Nel merito si comprende ancora di meno il senso di cosa stia succedendo. Non si era mai visto infatti che tre candidati dopo essersi candidati, si limitino a chiedere l’interruzione del percorso o per l’emergenza sanitaria (presente anche all’apertura del percorso) o perché “il circo è impazzito”. Se c’è qualcosa di irrituale rispetto al passato tale da far apparire il circo impazzito è il fatto che molti generali si stanno ritrovando o senza truppe o comunque con truppe non disposte a rispondere ai diktat. Non riteniamo questo esattamente un problema, anzi forse è proprio quello di cui si aveva la necessità.

Venendo alle cose serie

Da più parti era stato proposto un congresso per tesi evitando una inutile conta. E proprio da Voi, ma soprattutto dai vostri mandanti si è preferito perseguire altre strade, quelle degli accordi sottobanco, quelli degli strapuntini. Tutte modalità già conosciute e che non hanno fatto proprio bene al Partito Democratico Umbro. Ma anche il Commissario, che per 18 mesi si è riempito la bocca con la necessità di distinguere nel partito i buoni dai cattivi nella pratica quotidiana si è limitato solo a provare a sostituire un sistema con un altro che lo vedesse baricentrico assieme a qualche altra dirigente nazionale, di recente nomina, che invece di tenere una posizione di responsabile cucitura, come il ruolo nazionale chiederebbe, si spertica nel tenere una delle parti in commedia.
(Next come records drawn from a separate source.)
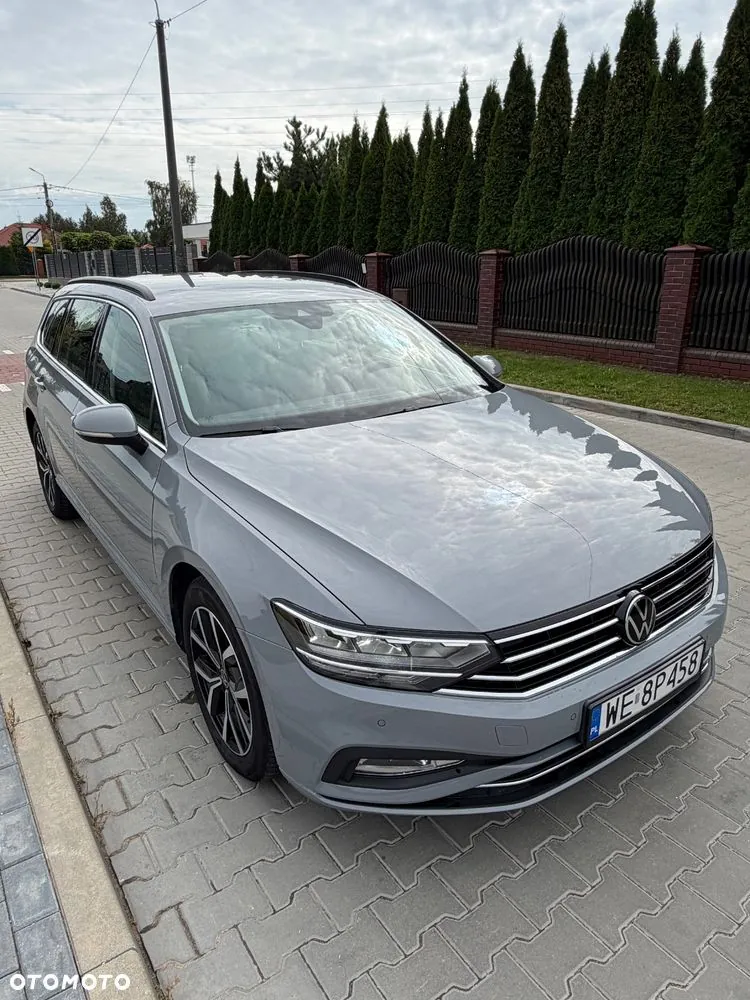 Volkswagen Passat 2023 photo 2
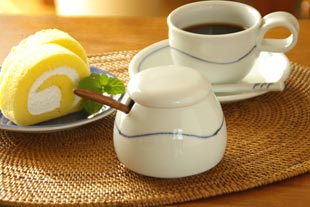 砥部焼・向井窯　白いシュガーポットをティータイムに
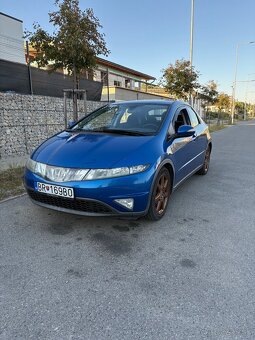 Civic 1.8 benzín 103kw - 2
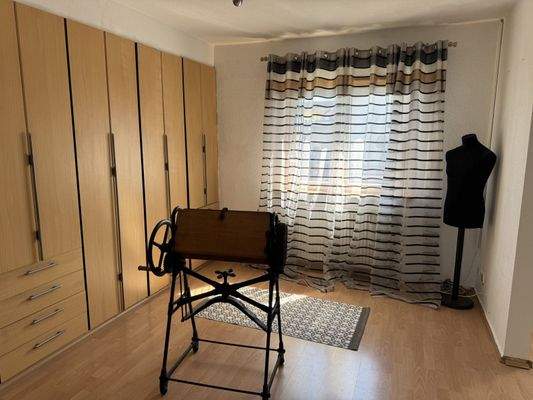 Zimmer Erdgeschoss mit Einbauschränken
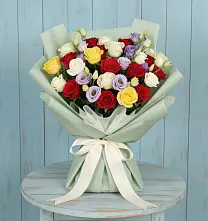 Букет цветов из:  Розы в Белоозерский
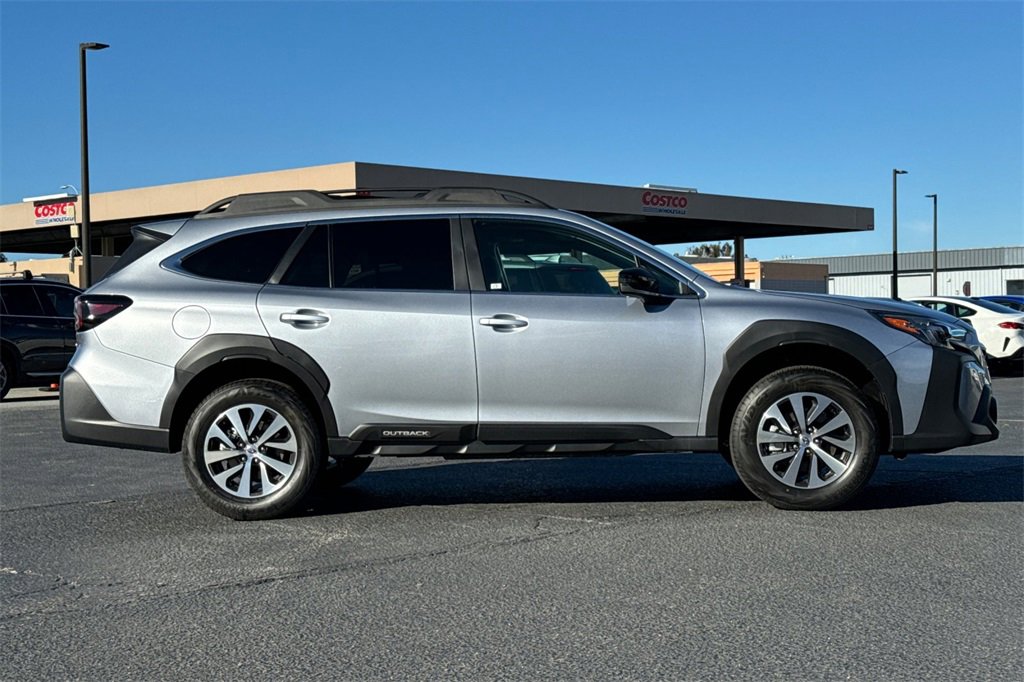 New 2025 Subaru Outback Premium image 3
Si ritiene che a tutto questo vada detto basta, non è ciò che con il voto del 27 ottobre 2019 ci hanno chiesto i nostri pochi elettori. Non è ciò di cui una forza politica come il Partito Democratico Umbro deve farsi carico. Non c’è più potere da distribuire, c’è solo da ridare identità ed orgoglio ad una comunità di cittadini che credono che la politica sia la forma suprema di impegno civile. Di coloro i quali credono che solo con la politica si possa dare dignità ai tanti nostri concittadini che vivono nella precarietà. A cui  è stato sottratto il diritto al futuro.
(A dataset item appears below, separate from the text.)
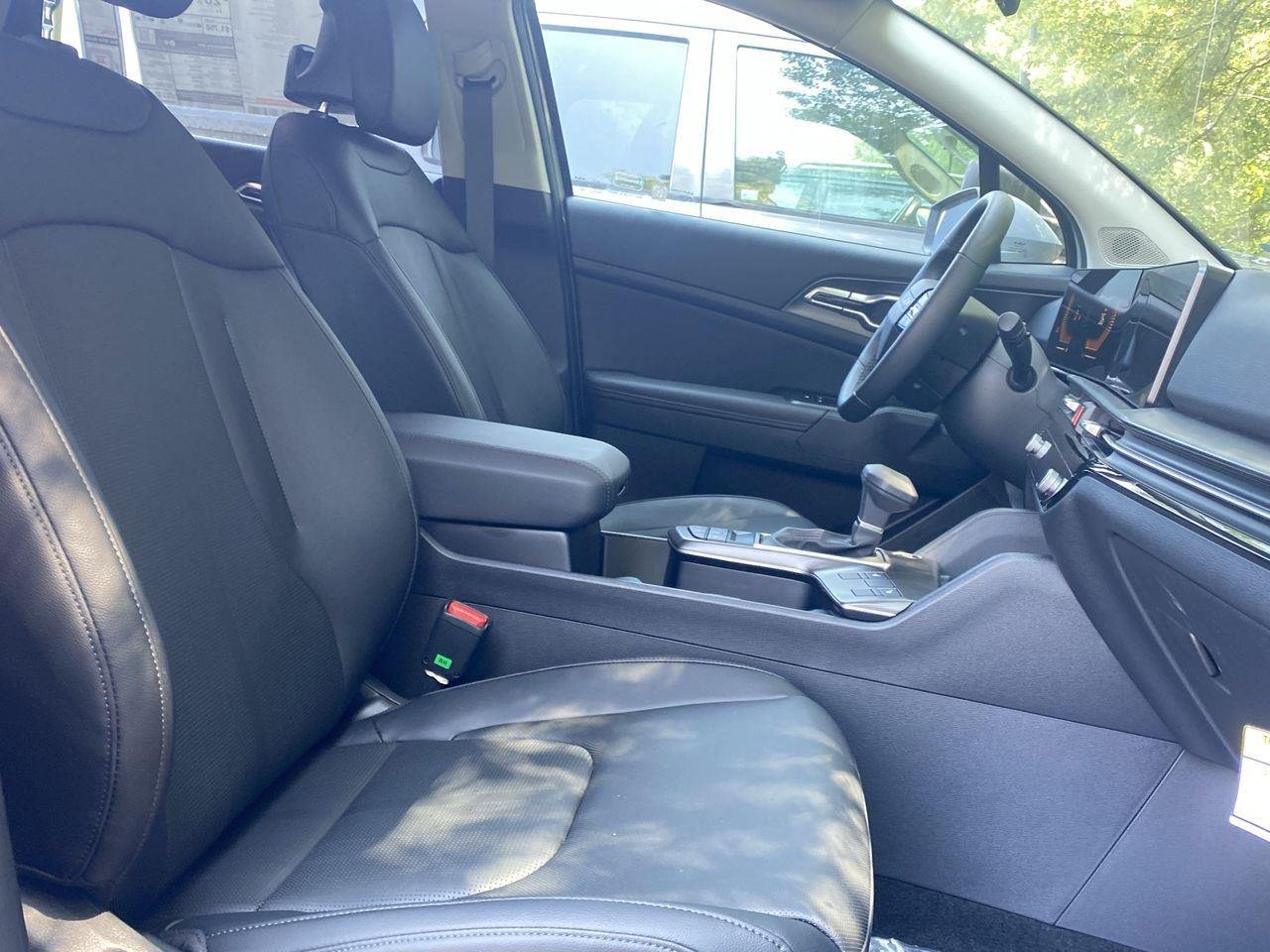 New 2026 Wolf Gray Kia EX image 21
Per queste ragioni Vi si impone di fare una seria riflessione per capire se avete effettivamente delle ragioni per cui continuare a far vivere le vostre candidature (singole o collettive) nel congresso regionale umbro del Partito Democratico o meno. Se avete intenzione di contribuire fattivamente al lavoro che sarà necessario per rimettere in carreggiata questa forza politica o meno. E di trarre le logiche conseguenze di questa Vostra riflessione.

Questa comunità non ha bisogno di chi continua a distinguersi per fornire argomenti ad una stampa già schierata, argomenti per alimentare una narrazione che vede il Partito Democratico quale forza litigiosa per ragioni di potere. Almeno questo lo dovete.